So that was back then, at 22, fifteen years ago. I’m at the age now where Coupland was when he was writing this – and the age of John in the novel. In the first chapter, John says:

“I think about how old I am and I wonder ‘Hey John Johnson, you’ve pretty much felt all the emotions you’re ever likely to feel and from here on it’s reruns‘ and that totally scares me. Do you ever think about that?”

I do, John, I do. But I think we’re both wrong. I think we – me, and the fictional John Johnson – have both enjoyed an extended emotional adolescence. After a childhood illness, John hits the ground running and achieves career success at a young age – but his love of partying prevents real emotional progress before his collapse so afterwards, his walkabout acts as a rumspringa – the first time in his life when he’s really considered what he wants or needs on a deeper level. Similarly, growing up in the public eye of beauty pageants and later, network TV, Susan struggles to escape the public’s perception of her – a beauty queen, a younger sister on an 80s sitcom, a wild child wife of a rock star. It is only when her plane crashes and she has a chance to escape that her life can – and does – move on. I think if John had asked the pre-plane crash Susan that question about emotional reruns, she’d have agreed but instead she subtly demurs – and that’s one of the things that attracts John to her: it seems like she has already moved on to the next level and he wants helping up there himself. This desire to move on is a common theme for Coupland’s early works – it’s what Andy, Dag & Claire are looking for in ‘Generation X’, what Dan is looking for in ‘Microserfs’ before he gets together with Karla, and what nearly all the characters want in ‘Girlfriend in a Coma’. Alongside that apocalypse fiction, I have long been a fan of coming of age fiction and as I’ve grown older myself, I’ve recognised that coming of age doesn’t just happen in your teenage years: one of my favourite things about Curtis Sittenfeld’s ‘American Wife’ is that it is about a woman coming of age/becoming who she is in her 30s and beyond – it gives me hope that I still have room to change and the strength to do it without an ill-advised dash into the wilderness.

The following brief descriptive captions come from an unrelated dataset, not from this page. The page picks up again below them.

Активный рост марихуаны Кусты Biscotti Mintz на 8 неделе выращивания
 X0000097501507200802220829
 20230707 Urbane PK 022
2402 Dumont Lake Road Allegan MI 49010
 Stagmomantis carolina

“I don’t want to go back down there to my crappy little life.”

“Your life is crappy?” …

“It’s not what I would have wanted, no.”

“What would you have wanted then?”

“Like I keep that information at the top of my ‘To Do’ list, or something?”

“What would be wrong with keeping that at the top of your ‘To Do’ list?”

As with ‘Generation X’, I’m not sure I would recommend ‘Miss Wyoming’, especially not to Coupland newbies. It’s jarring, it’s stilted, it’s clunky – and unless you understand that’s the point of it, it’s not going to go down smoothly. But I’ll return to it again.


Final Thoughts

In ‘Generation X’, Andy describes the Vietnam War as being like a colour in his childhood – he is too young to remember the detail but it was always there, like the colour green, and when it ended, it was as strange as if the colour green went away. I suppose I feel this way about Douglas Coupland’s early novels – they were such a formative part of my late adolescence that they coloured my life and I suspect I will return to them again and again over the years but I don’t think I’m going to push on any further with Coupland’s catalogue at this time. The rest of his books don’t mean as much to me – I have them all on my shelf, but *sssh* I don’t think I’ve even read the last two.

This re-examination – both the re-reading and this reviewing – has been interesting though. If you had asked me a few weeks ago to name the over-riding themes in these early books I would have probably mumbled “uh, people looking for the answers away from the mainstream” and then I’d have made a “knee-jerk irony”-style comment then run away. But looking more closely at the shared elements between these books, I feel they’re a lot more optimistic than I would have given them credit for, and more timeless too. Neither of those is a bad thing.